September 10.—Sonya tidied my room and then shouted disgustingly at Vlass. I am training myself to abstain from indignation and to see in it a moral bump which one must recognise as a fact and face its existence in one's action.
September 15.—Went to look for mushrooms. Miserable.
September 17.—Talk in the morning. And
sudden fury. Then she came to me and nagged until I was beside myself. I said nothing and did nothing, but I was very unhappy. She ran away in hysterics, I ran after her, horribly worried.
After this diary of 1884 no diaries so far as I know were left by Leo Nikolaevitch for several years. Did he cease to keep his diary that he might not increase his spiritual sufferings by recording them on paper, preferring to continue his intense struggle with himself in complete solitude before no one but his God? Did he keep a diary and afterwards himself destroy it, not wishing to reveal to anyone the sufferings to which he was subjected? Were the missing diaries lost in some other way, if indeed they ever existed? To these questions there is no answer, and it is hardly likely there will be.

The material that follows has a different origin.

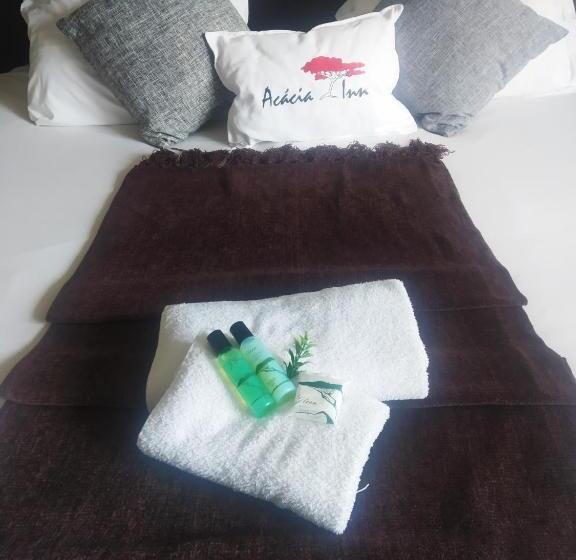 اتاق لوکس با تخت بزرگ, Acacia Inn Guesthouse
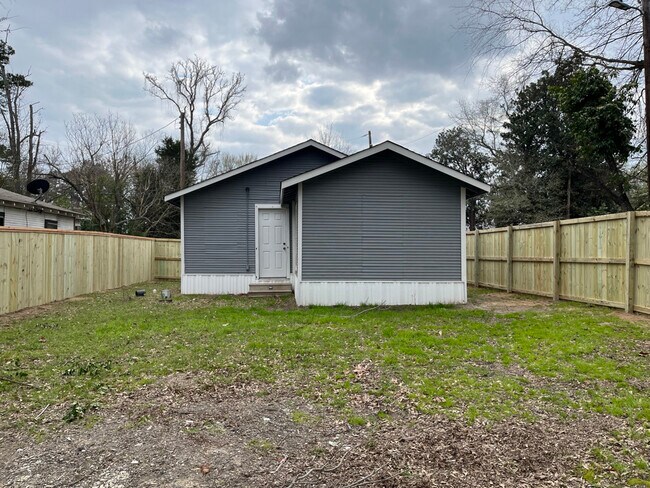 Backyard view - 101 Brooks St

By Leo Nikolaevitch's notes in his later diaries kept from the year 1888, one thing is placed beyond doubt, that is, that his spiritual sufferings and inward struggles in connection with his family relations continued the whole of the rest of his life. And in this struggle his higher consciousness became brighter and brighter, his spiritual
force grew and gained strength. As the years passed he gained an amazing mastery of his personal desires and weaknesses. At times, as indeed was inevitable, he recognised with peculiar pain his complete loneliness in the midst of the people surrounding him. To what degree he felt himself a stranger in his own family, how completely he was deprived of that warm, genuine sympathy on the part of his wife which is the most precious thing in married life, can to some extent be judged by the notes in which, with irrepressible grief, he recalls his mother.

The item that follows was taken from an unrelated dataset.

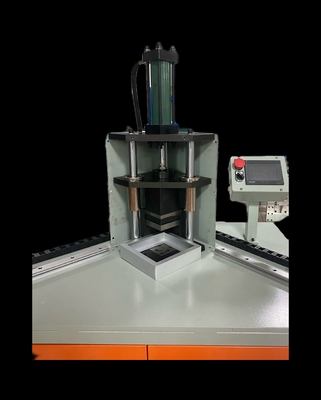 Quadro interno semi automático anterior para o filtro de ar industrial que faz a máquina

His attitude to her memory, as is well known, was always the most reverent. In his Recollections of Childhood he writes of her: "It was necessary for her to love not herself, and one love followed another. Such is the spiritual figure of my mother in my imagination; she stood before me as such a lofty, pure, spiritual being that often in the middle period of my life, when I was struggling with temptations which almost overwhelmed me, I prayed to her soul, entreating her to help me, and this prayer was always a help to me."